The Juvenile Detention Alternatives Initiative, supported by the Annie E. Casey Foundation, has been an active player in juvenile justice reform on a national level, introducing innovative programs to New Orleans and other cities and areas across the U.S., including Cook County, Ill.
Before reform took hold in the mid-1990s, Cook County’s juvenile detention center was known for its violent, unsanitary conditions — conditions brought to national attention when the American Civil Liberties Union (ACLU) sued the county in 1999 on behalf of the juveniles offenders housed at the center. Concern has also been focused on the disproportionate admission rate of African Americans to the centers, which is 46 times that of white youths.
Advocates for reform have proposed several solutions to help fix Cook County’s system, including community-based alternatives to detention that send more youths to group homes where they can be offered job training and other life-skill instruction. Group homes or monitored home confinement seem to be viable alternatives, since it is estimated that 45 percent of youths housed in Cook County’s juvenile detention centers pose no threat to the public.
Illinois is one of four states chosen by the Models for Change initiative for its leadership in the juvenile justice system reform, which could possibly be replicated by other states. The initiative, funded by the MacArthur Foundation, works to share models of local, rehabilitation-focused reforms of the juvenile justice system available across the country, with the hope of enacting change on a greater scale.
California Gov. Jerry Brown proposed cutting the statewide division of the Division of Juvenile Justice. Credit: Randy Bayne on Flickr
As part of its program, Models of Change works actively with California, a state which has recently enacted some headline-making reforms.

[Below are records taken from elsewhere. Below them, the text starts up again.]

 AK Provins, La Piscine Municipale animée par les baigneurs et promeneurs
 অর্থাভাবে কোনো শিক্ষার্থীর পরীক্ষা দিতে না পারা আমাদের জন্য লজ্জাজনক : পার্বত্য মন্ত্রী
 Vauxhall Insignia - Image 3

In 2007, the state made took the unprecedented step of banning the commitment of nonviolent youths to the state’s troubled juvenile detention centers. Since passing the reform, eight of 11 large centers have been closed. The youth inmate population has been reduced to 1,000, down from 10,000 prisoners in 1996.

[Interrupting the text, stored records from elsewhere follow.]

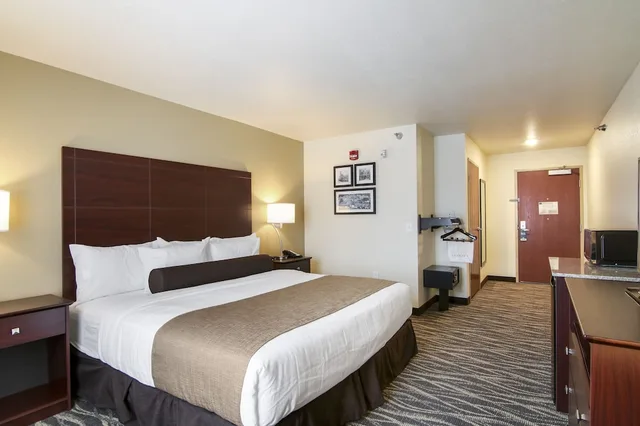 غرفة بسرير كينج لذوي الإعاقة، Cobblestone Inn & Suites - Ashland 2/4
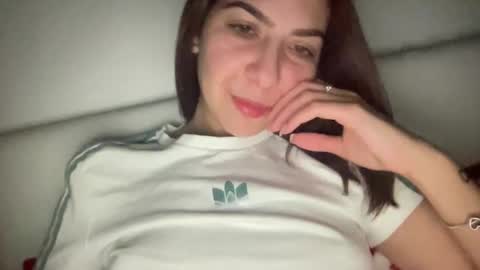 Snapshot of stefy_glow chatting on 2, 3, 2025 stefy_glow online show from 2, 3, 2025
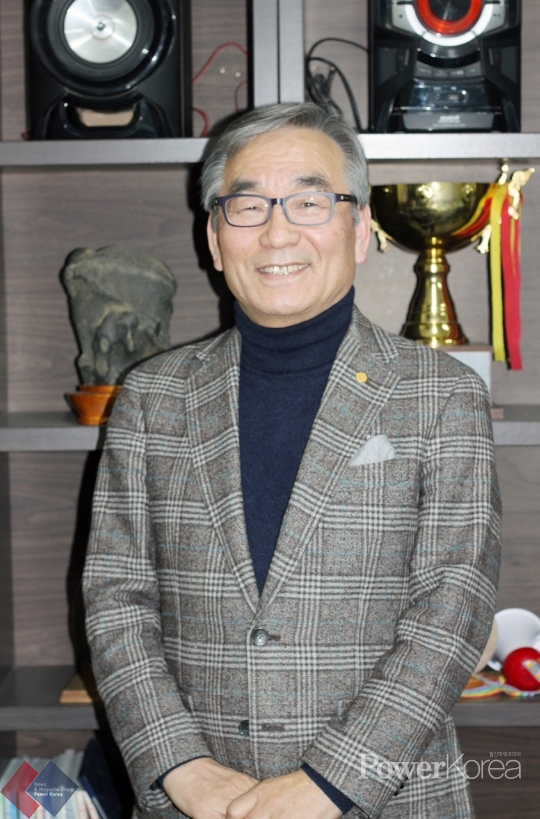  대한민국 춘란 40년, (사)한국동양란협회 김남두 회장을 통해 흐름을 짚어보다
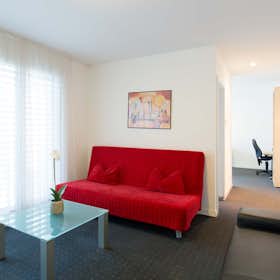 公寓 正在以 CHF 3,630 的月租出租，其位于 Cham, Luzernerstrasse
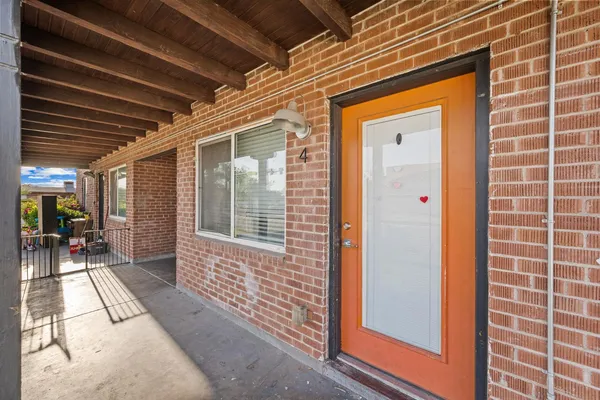 $999 | 3601 North 15th Avenue, Unit 4, Phoenix, AZ 85015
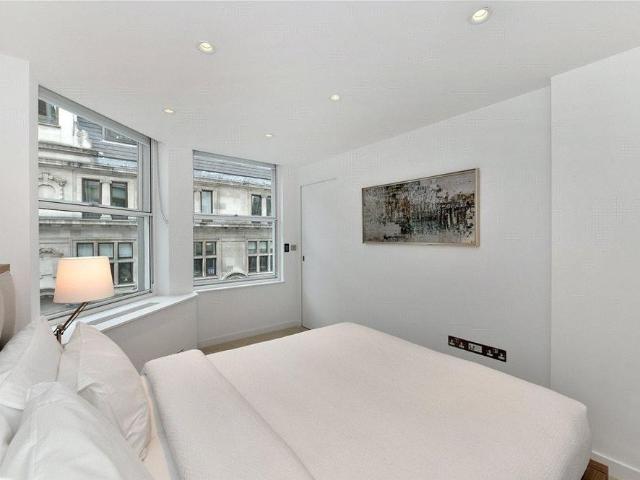 Apartment for rent in Denham, Denham Green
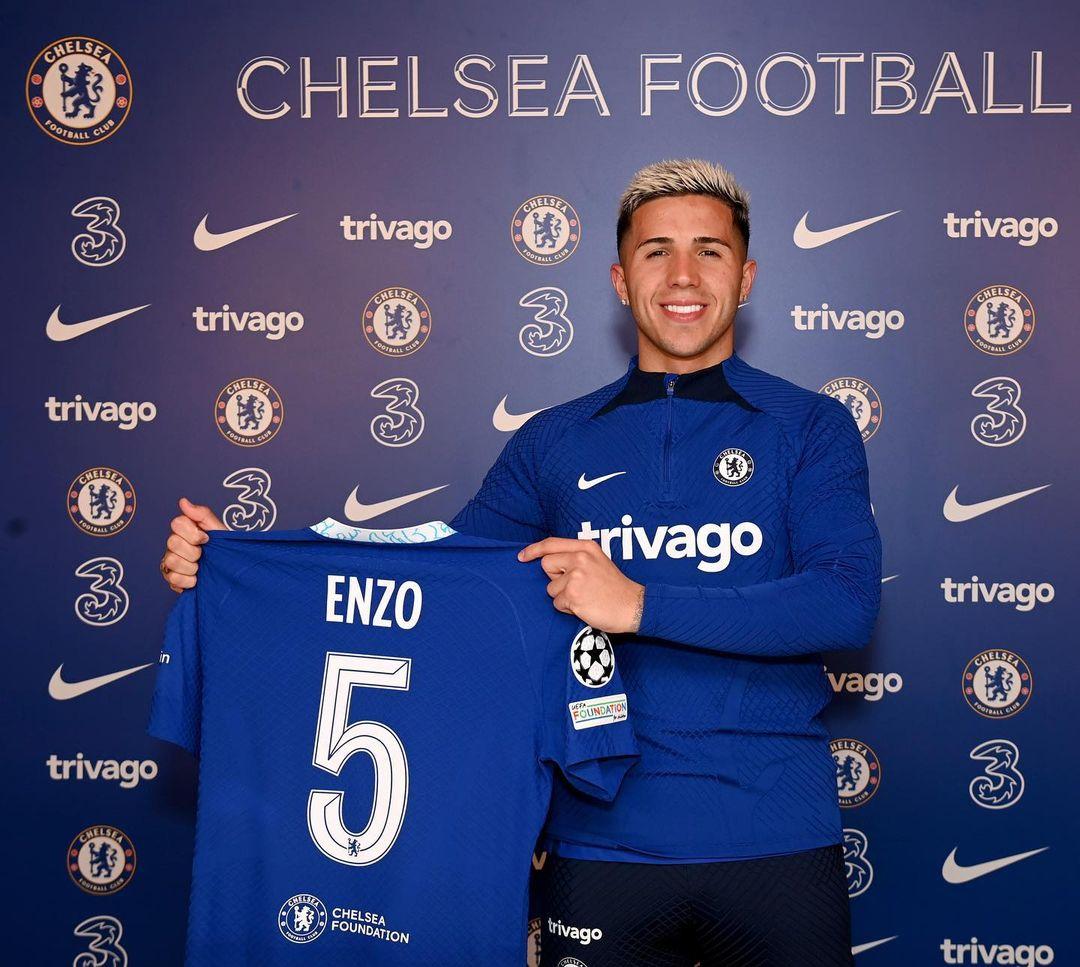 enzo-fernandez-resmi-bergabung-ke-chelsea.jpg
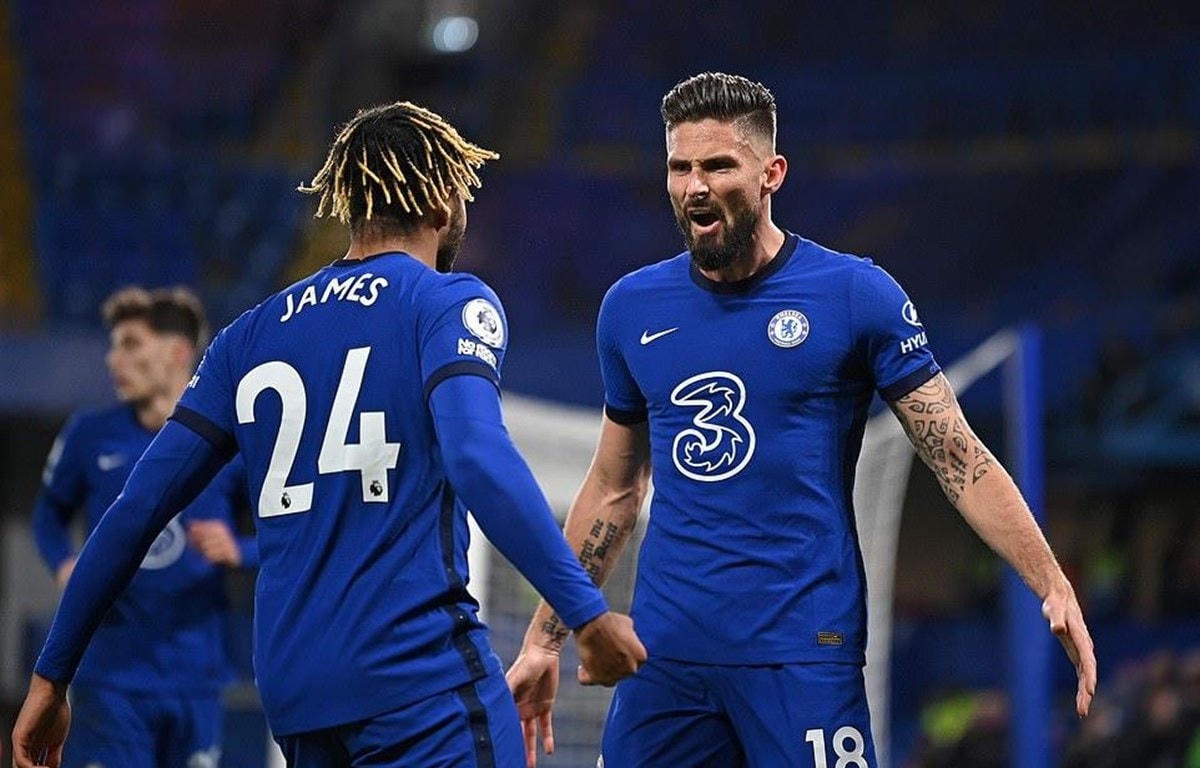 Giroud tiếp tục lập công giúp Chelsea dẫn đầu Premier League. (Nguồn: Getty Images).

With the inmate population so low, advocates now are calling for the closing of what remains of the state ‘s Division of Juvenile Justice (DJJ). Advocates argue it makes little sense to keep the DJJ running, as the price to keep it open is exorbitant — about $200,000 per youth annually. In January, California Gov. Jerry Brown proposed a plan to close the statewide division of the DJJ by January 2013, devoting $10 million in funds to help individual counties design options for the realigned caseload.

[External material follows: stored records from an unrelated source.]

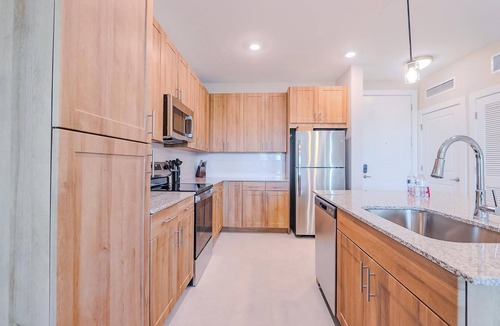 Interchange Square Apartment | Landing | Spectacular 1BD, Gym, Pool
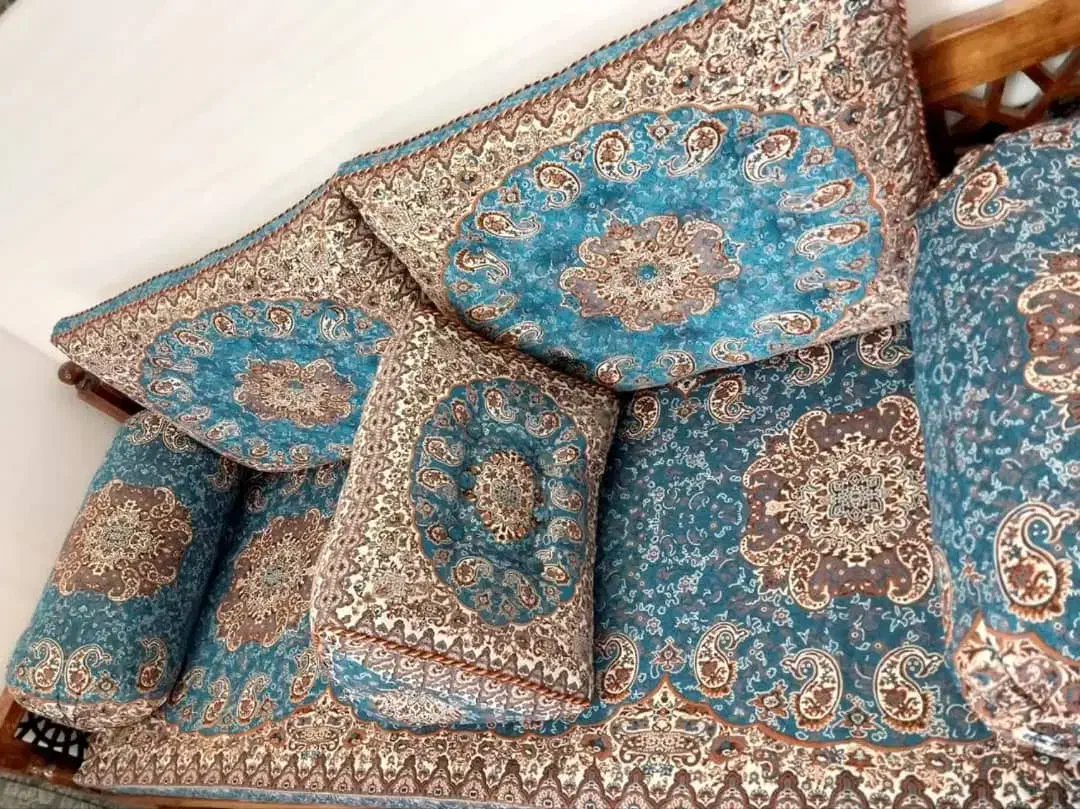 تولید سرویس های پشتی سنتی بدون واسطه ،ترمه زرکباف|پشتی|کرج, شاهین‌ویلا|دیوار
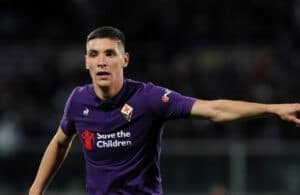 Man United olha para Milenkovic.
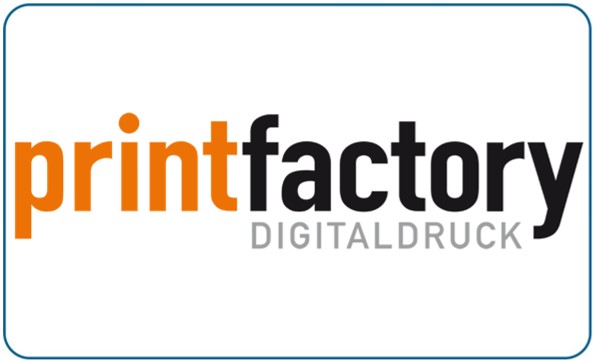Logo von printfactory in Orange und Schwarz mit dem Wort "DIGITALDRUCK" in Grau darunter.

Brown’s proposal was met with skepticism, the focus of which was the fates of those juveniles with serious offenses currently held by the DJJ. Prosecutors maintained that the DJJ should remain a rehabilitative option for these offenders who might otherwise be sent to adult prisons. This issue, among others, is still being debated by both state and local stakeholders.
The shift of focus toward the rehabilitation of juvenile offenders on both a state and local level has been gradual. Monday’s Supreme Court decision does not seem to indicate an evolution of the Court’s moral attitude towards the idea of sentencing a youth to a life without the possibility of rehabilitation. Though more initiatives are emerging that encourage the rehabilitation model for youth offenders, it remains to be seen whether one day all juvenile offenders may have the opportunity to be considered for such programs.